ECLI:NL:RBDHA:2018:5272
Rechtbank Den Haag
- Eerste aanleg - enkelvoudig
- M. van Loenhoud
- Rechtspraak.nl
Afwijzing verzoek tot verlenging van de ondertoezichtstelling van minderjarigen in het kader van de jeugdbescherming
Op 16 april 2018 heeft de kinderrechter van de Rechtbank Den Haag uitspraak gedaan in een zaak betreffende de verlenging van de ondertoezichtstelling van drie minderjarigen, die onder toezicht waren gesteld op 11 mei 2017. Het verzoek tot verlenging werd ingediend door de Stichting Jeugdbescherming West Zuid-Holland, de gecertificeerde instelling. De minderjarigen, [minderjarige 1], [minderjarige 2] en [minderjarige 3], verblijven feitelijk bij hun moeder, die het ouderlijk gezag heeft. De vader, die de minderjarigen heeft erkend, heeft geen gezag en werd als informant aangemerkt in deze procedure. De kinderrechter heeft de zaak met gesloten deuren behandeld, waarbij de minderjarigen en beide ouders aanwezig waren, bijgestaan door hun advocaten.

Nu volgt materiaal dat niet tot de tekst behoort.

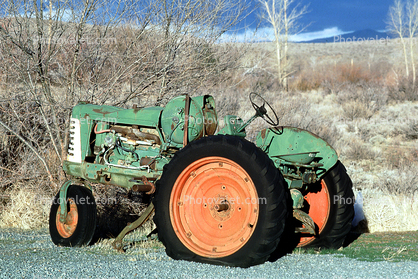 north of Carson City, farm tractor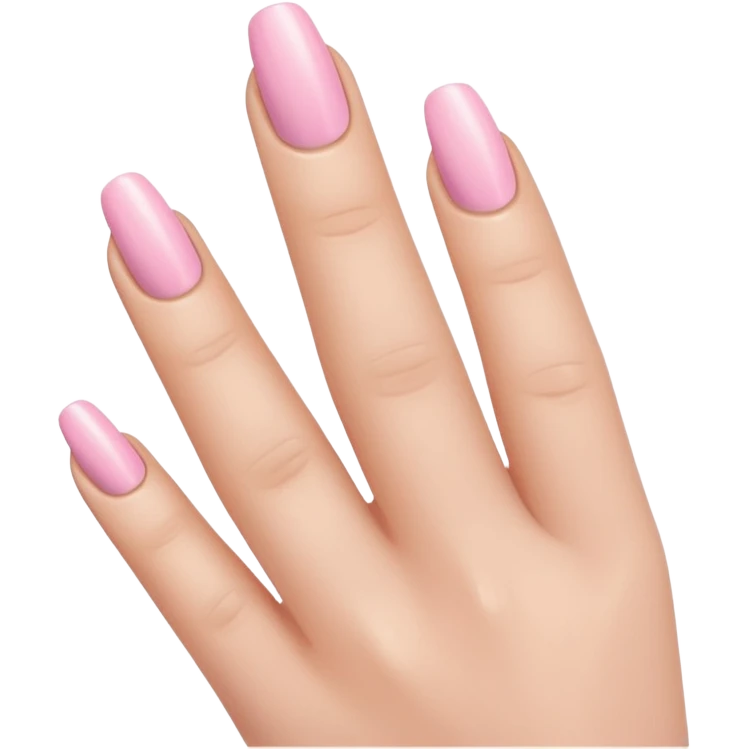 light pink nail polish




 emoji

De kinderrechter heeft vastgesteld dat er een ernstig verstoorde communicatie tussen de ouders bestaat, en dat de moeder angstig is voor de vader vanwege een verleden van huiselijk geweld. De minderjarigen hebben aangegeven voorlopig geen contact met de vader te willen hebben. De kinderrechter oordeelde dat de gronden voor ondertoezichtstelling, zoals genoemd in artikel 1:255 van het Burgerlijk Wetboek, niet aanwezig zijn. De minderjarigen ontwikkelen zich goed en er is rust in het gezin. De kinderrechter heeft daarom het verzoek tot verlenging van de ondertoezichtstelling afgewezen, met de mogelijkheid dat de moeder contactherstel kan faciliteren als de minderjarigen dat in de toekomst wensen.
De beschikking is gegeven door mr. M. van Loenhoud, kinderrechter, en is openbaar uitgesproken. Hoger beroep kan worden ingesteld door de verzoeker en belanghebbenden binnen drie maanden na de uitspraak.